My doily is done! My doily is done! I was very focused and got a lot of knitting done, much of it while enjoying the beautiful rose garden at the Shelter Gardens here in Columbia, Missouri. What a wonderful, peaceful place to knit! I wish I'd had the digital camera, I could have treated you to photos of roses.

I was almost disappointed to finish the last knitted row, and not only because I knew I would then get to crochet the doily off the needles! Those last rows do get awfully long. Something about changing what you're doing every so often makes it easier for me to keep working on a project. But I've been thinking about knitting some large round doilies for the tables in my house, so there will be a lot of long rows in my future!

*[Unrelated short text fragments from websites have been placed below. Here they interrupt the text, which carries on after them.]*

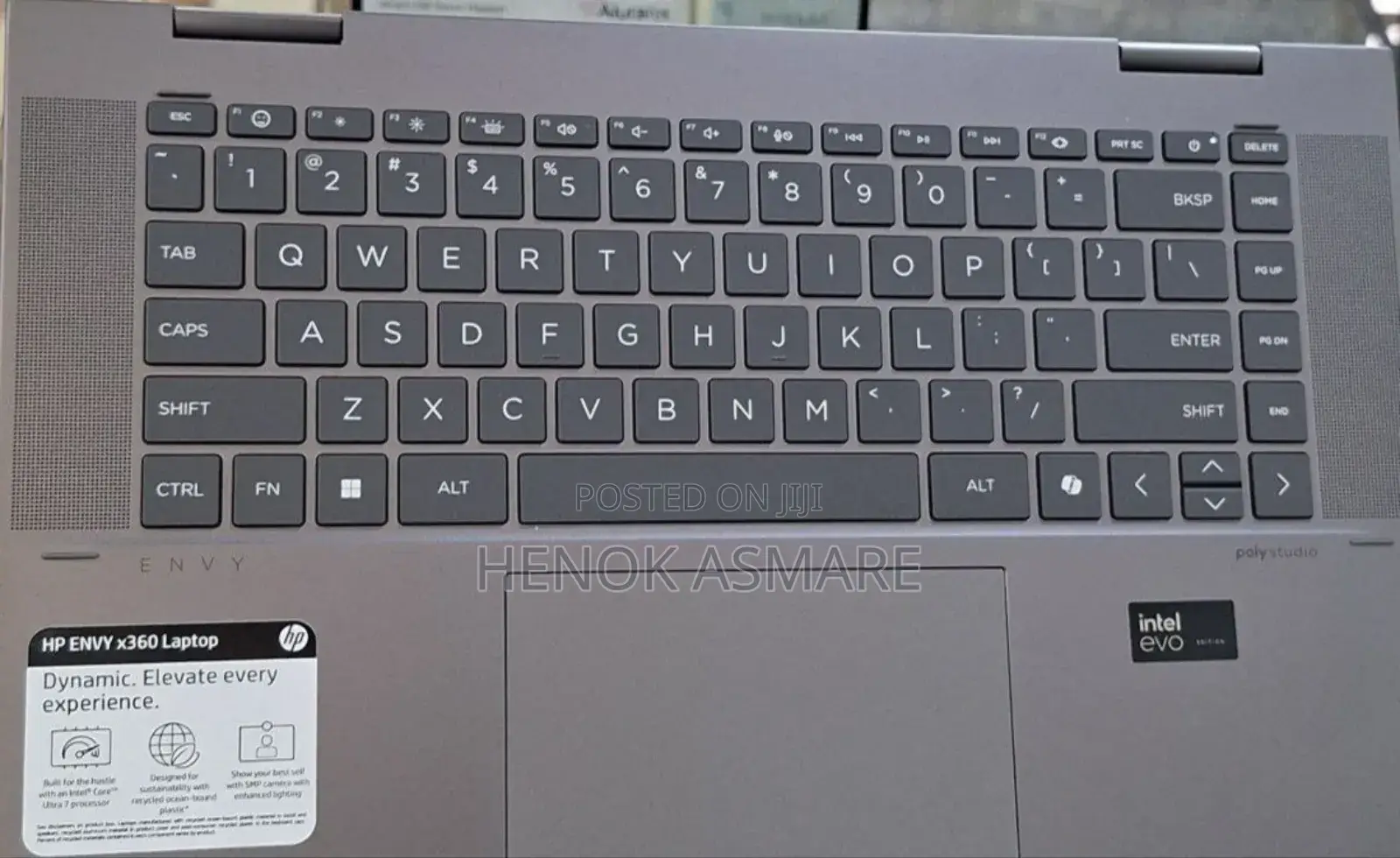 New Laptop HP Envy 15 32GB AMD Ryzen 7 SSD 1T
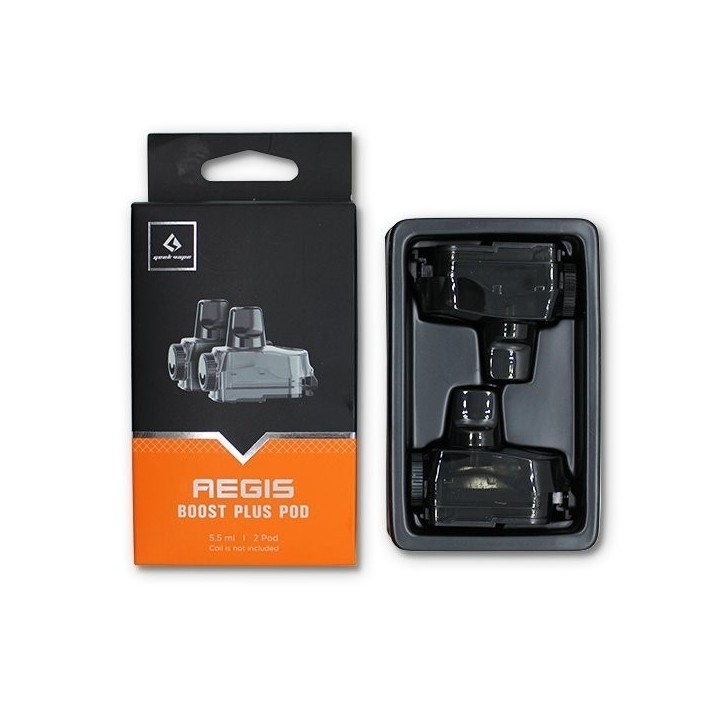 Aegis Boost Plus Kartuş | Geekvape Geekvape Likit Kapasitesi:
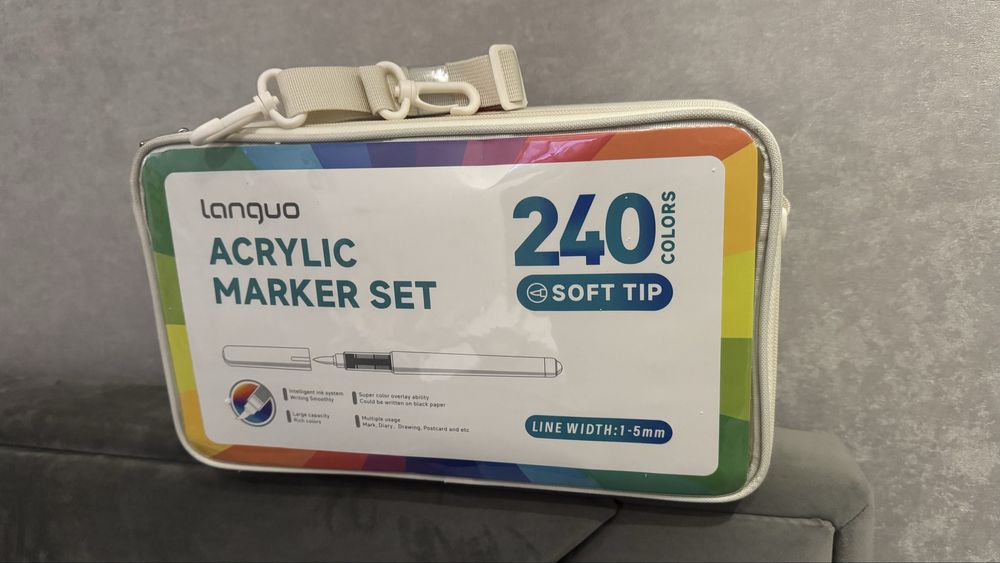 Акрилові маркери Languo 240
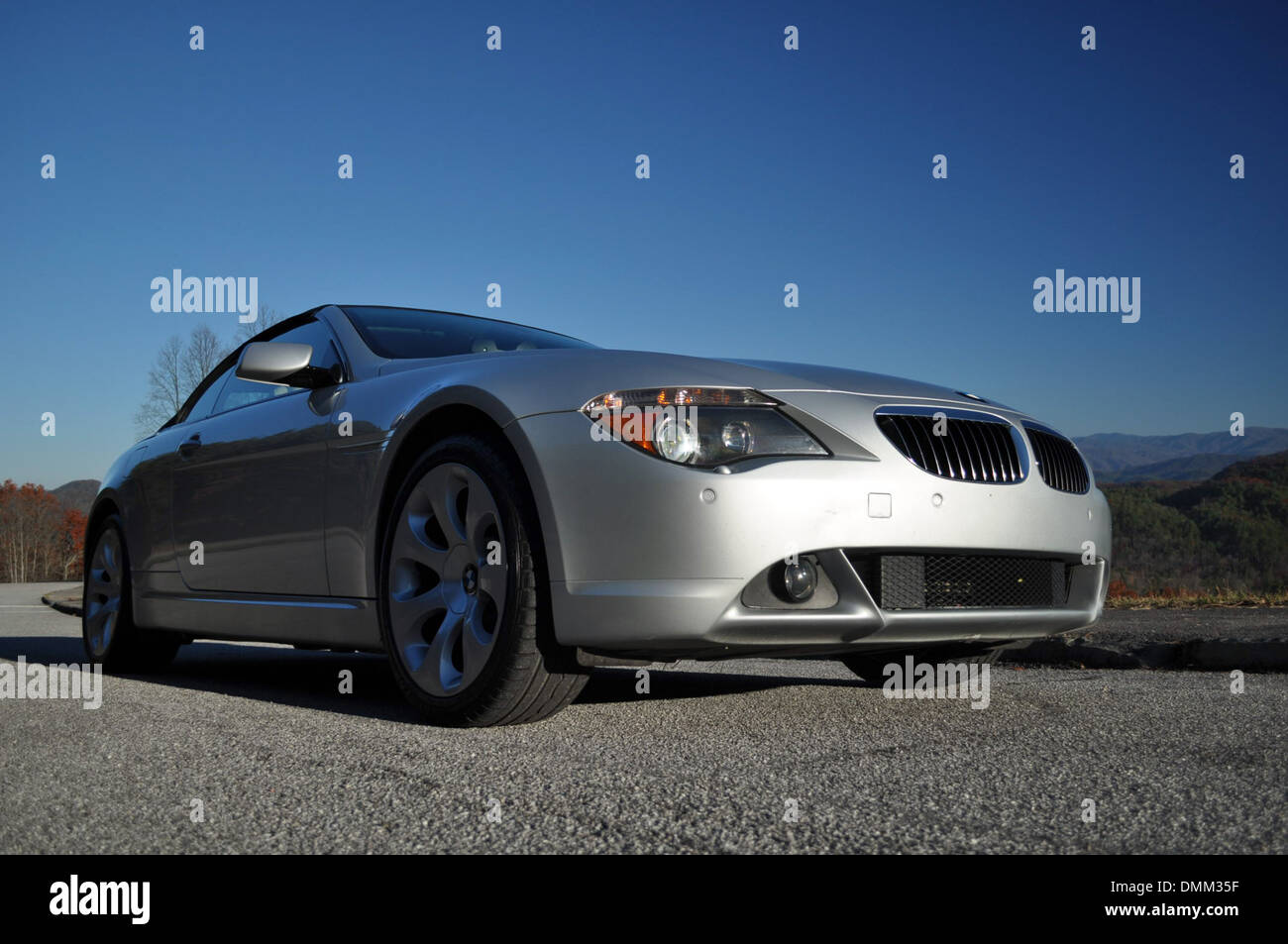 2004 BMW 645Ci Convertible E64 Stock Photo - Alamy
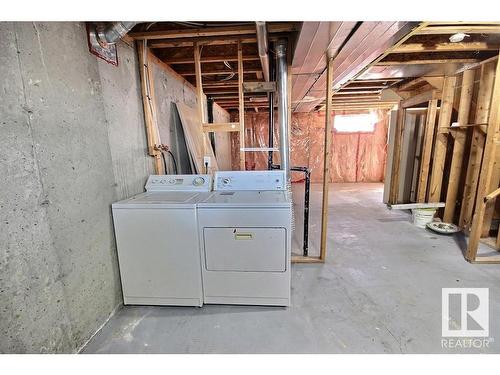 12828 126 Street, Edmonton, AB - Indoor Photo Showing Laundry Room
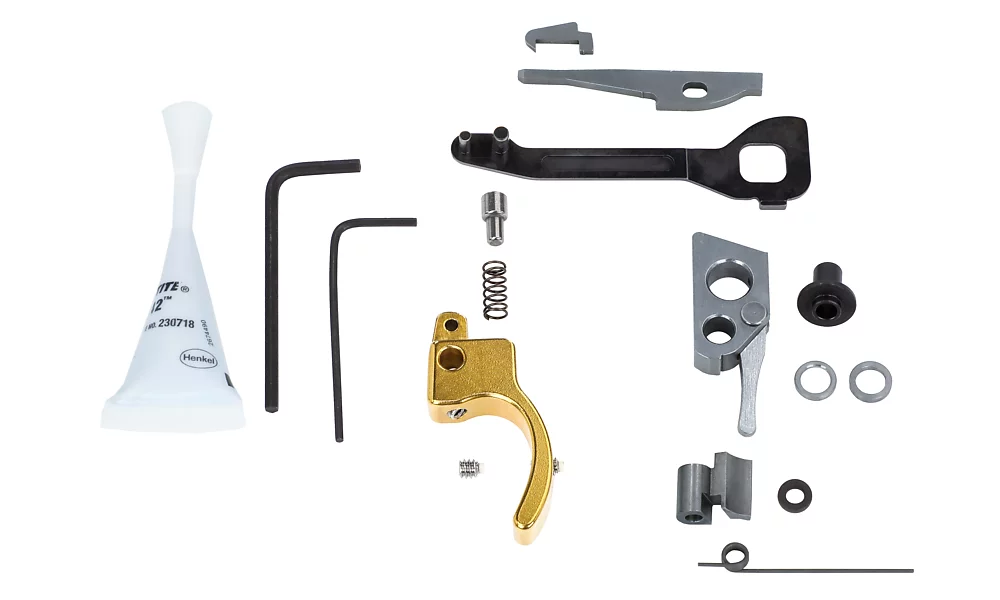 MK IV Pistol Competition Kit, Gold Trigger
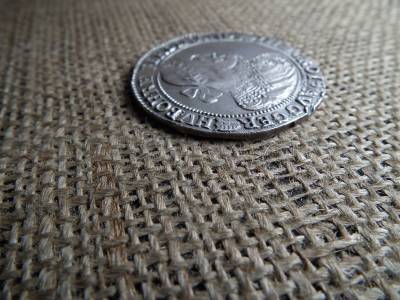 III. Ferdinánd ezüst tallér 1655 KB , nagyon szép !  1637-1657 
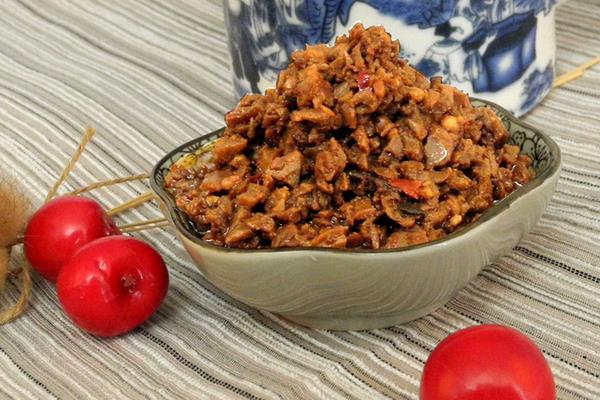 蘑菇醬的家常做法 蘑菇醬怎么吃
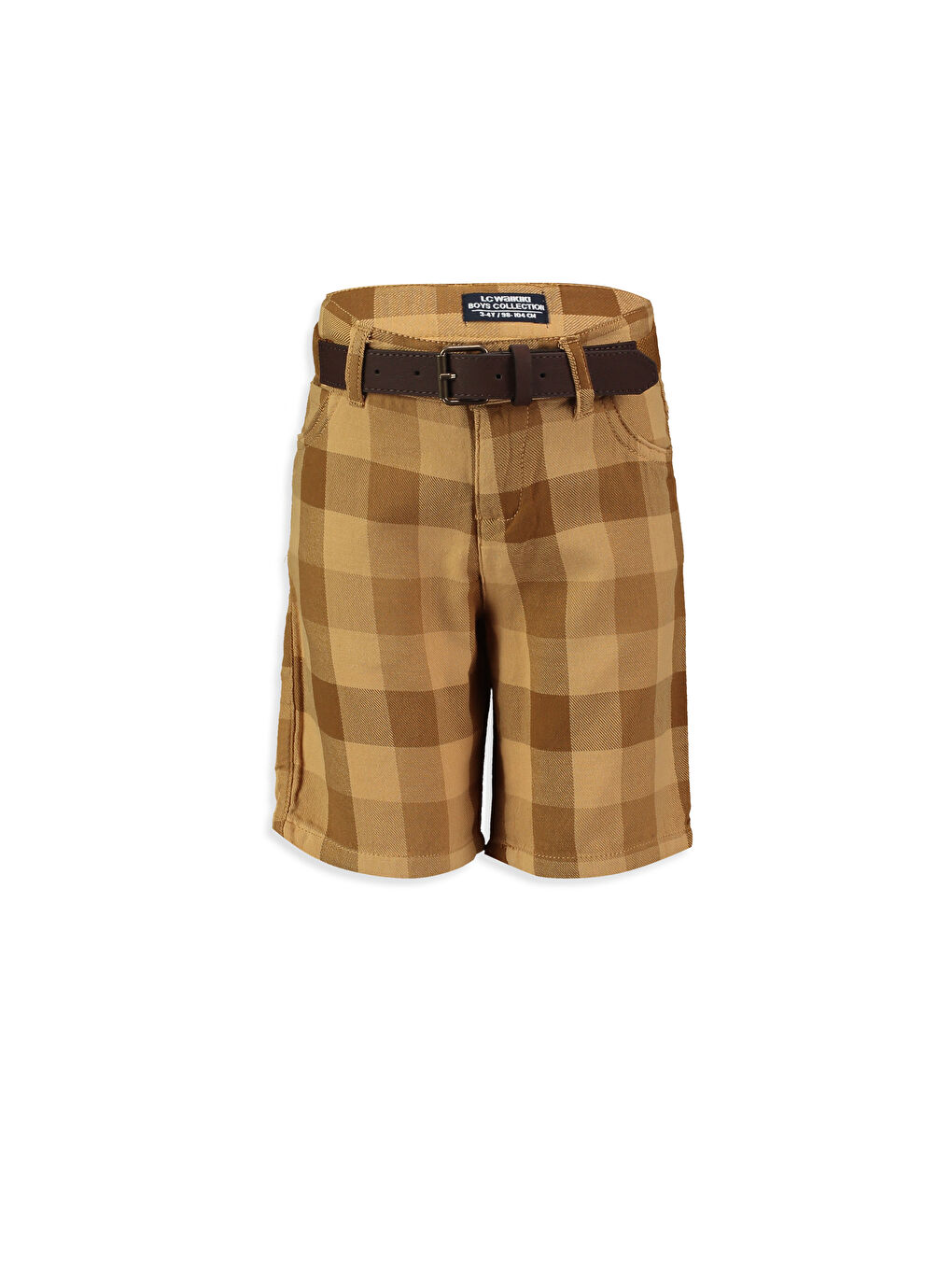 LCW Kids Unisex GELB Shorts -7Y5005Z4-639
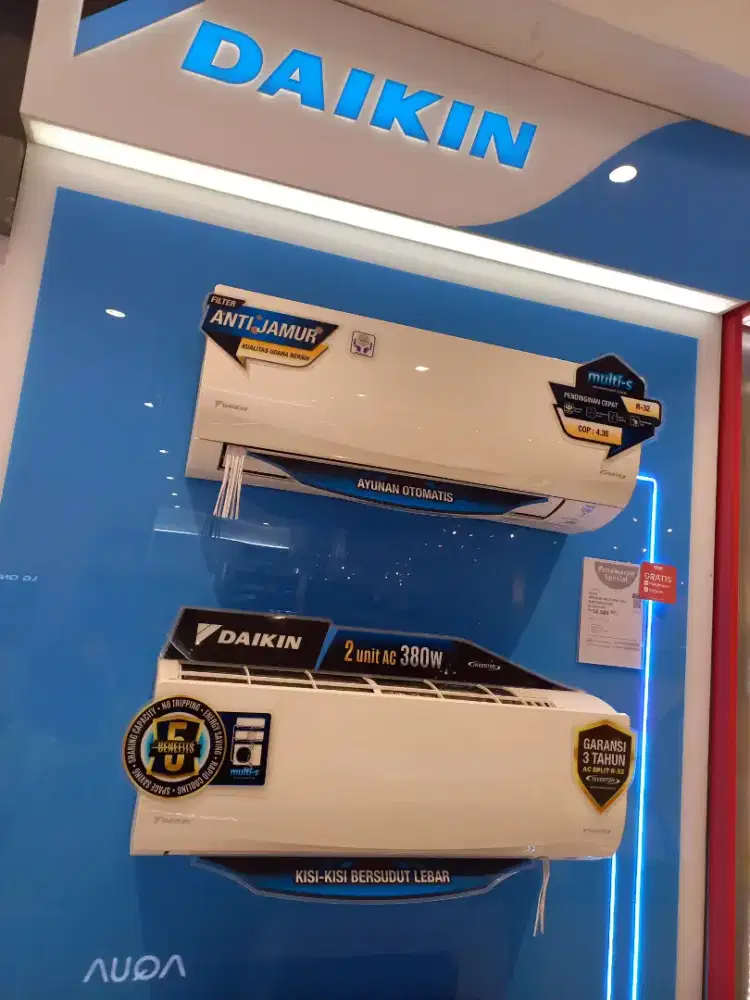 Cicil AC Daikin tanpa kartu kredit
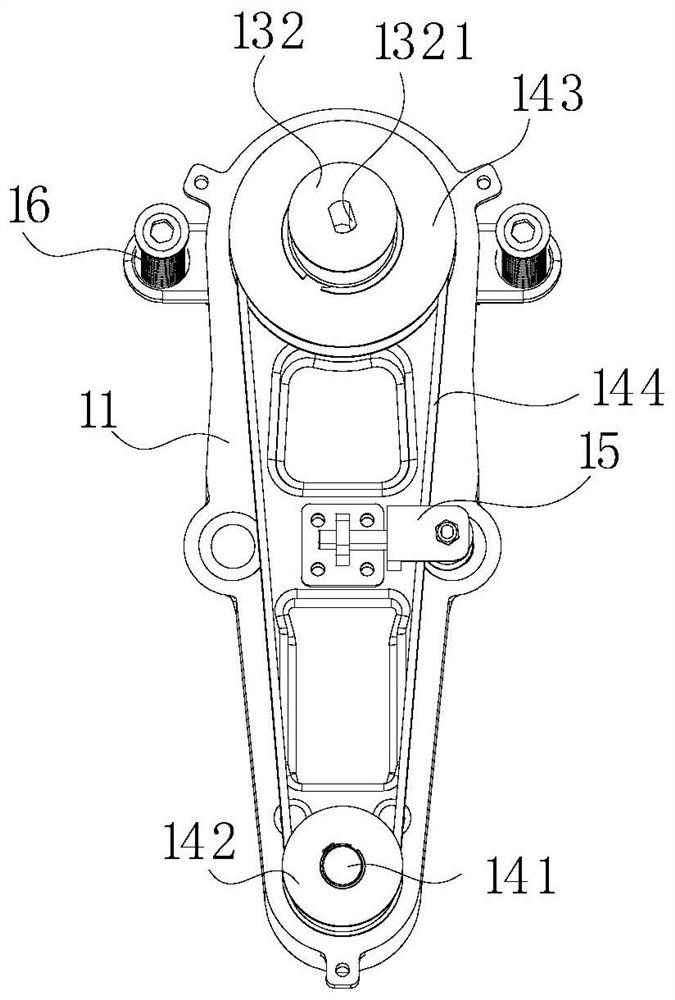 External caliper body, maglev train brake and brake control method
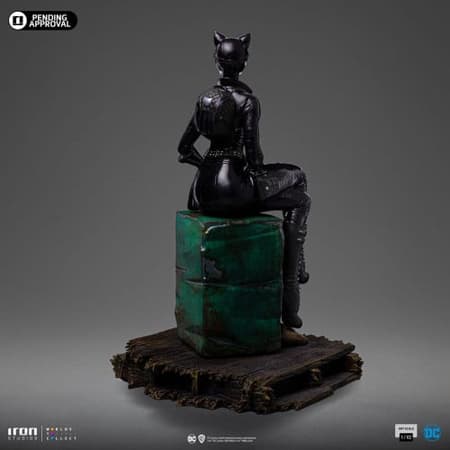 Iron Studios - Arts Scale 1/10 - DC Comics - Gotham City Sirens - Catwoman Statue 20cm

I was at my friend Jude's house for the crocheting off, which is perfect and appropriate since she's one of the most-accomplished crocheters I know. We have a long-standing (and perfectly amiable) "argument" about whether knitting or crochet makes the most beautiful lace. I think I nearly have her convinced that knitting is the best! When she watched me crochet once her only comment was, "you don't love that." And indeed I don't, although I'm reasonably capable with a crochet hook.

Binding off this doily (as so many others) involves joining groups of stitches together with a single crochet (in this pattern you join three stitches each time). This is "fastmaske" in Norwegian (abbreviation "fm"), and is translated in the books I've seen as "double crochet." But then there's a discrepancy between the UK English and US English "double crochet." What the UK calls a double crochet the US calls a single crochet. If you look closely at photographs of the doilies, it's clear that the "fastmaske" is a single crochet in US parlance.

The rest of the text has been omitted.